But I do want to talk a little bit about how the band sounded, since not only did they play dress-up – you know, like little kids let loose in their big sister's wardrobe – they played music. Really, it was a lot like how they looked. It was tough – it was a hard r&b sound, like the Stones infusing soul with nasty blues riffs – but it was warm too; Johnny played thick guitar, it was almost syrup, with a noisy blues-whine and a way of careening up into the right pitch rather than hitting it head on, and he would play pretty counter melodies or his guitar would harmonize against the singing. The style was influential. The Dolls invented a sound I call "the loud pretties" meaning they'd mix the noise and the hard blues and the ugly yowls with loud beauty, so the clamor and the beauty were inseparable, all one big roil (I'm contrasting this with how, say, the Beatles or Raspberries or Cheap Trick or Sweet would put pretty vocals merely on top of raunchy instrumentals).

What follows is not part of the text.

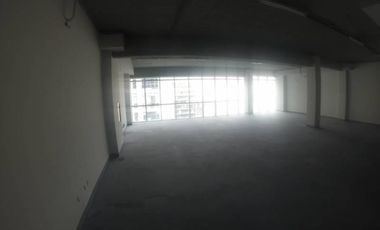 EXCELENTE EDIFICIO DE OFICINAS - ALQUILER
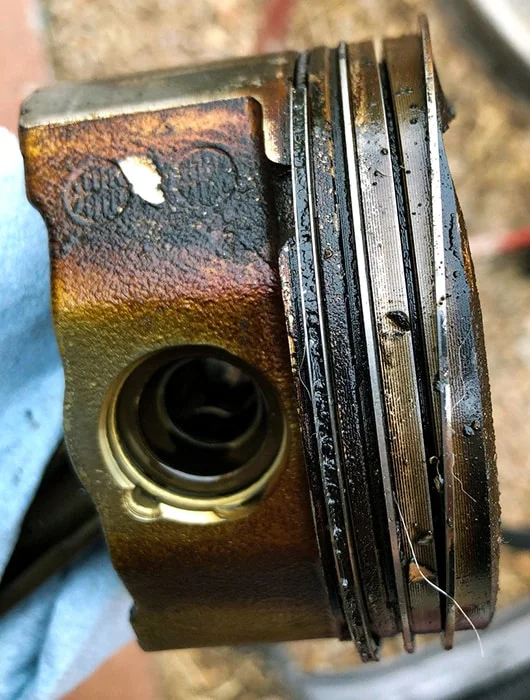 2AZ engine damaged pistons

The Clash and Nirvana played later versions of the loud pretties. Of course the Dolls were about ten times more fun. They brought back a lot of the rock 'n' roll silliness from the pre-Stones days: animal sounds, novelty tunes, shoo-wop shoo-wop oompahs. Rare for the "progressive-rock" era, especially since they didn't seem like an oldies band doing it. They sounded like little kids let loose in their big sister's record collection – but then gone off on a rampage, with the sound attached to their raving ugly beauty. Except I also have to say that they didn't quite do it: They rumbled forward, but their rock sound never quite got a roll to it, though they tried. This is what I meant way back in WMS #5 when I said that the Sex-O-Lettes sounded the way the Dolls looked, really got on record with the rolling in-your-face exuberance the Dolls were shooting for. And I was certainly implying then that disco could do it but "rock" couldn't anymore. This is why the Dolls are only 27 on my albums list, rather than number 1.
New York Dolls "Jet Boy" (on the Old Grey Whistle Test)
Footnote 2 (link)
"As if I just didn't care how I looked."
I realize that this doesn't convey very well how I actually dressed. The fact is I don't remember. Teen popularity/nonpopularity was so traumatic for me that my mind froze and I wouldn't pay attention. And that was part of my rebellion, too, not to pay attention. I liked summers because I could wear T-shirts. All T-shirts were white then. I think I wished that I could wear single-color pullovers in other months, as I'd worn when I was a little kid. I didn't like shirts with collars and buttons. But I always wore them, because that's what my mother bought for me. To buy my own shirts would have taken money that I used for records and books. It did not occur to me to tell my mother what I wanted. As it is with traumatic subjects, I wanted to turn them off, not bring them up. I remember making two fashion decisions in high school. The first was to wear my shirts tucked in, despite the cool trend that said wear them out. I tucked them in because wearing them out made me look heavier. Second, in tenth grade I let my hair grow long, a complicated decision (no matter how I looked, I'd be giving in to someone) that was simplified for me by the fact that it caused great conflict with my parents, who tried to forbid it. My dad said that he was upset that a generation of young men was looking like fairies. This was just the thing to make me resist him.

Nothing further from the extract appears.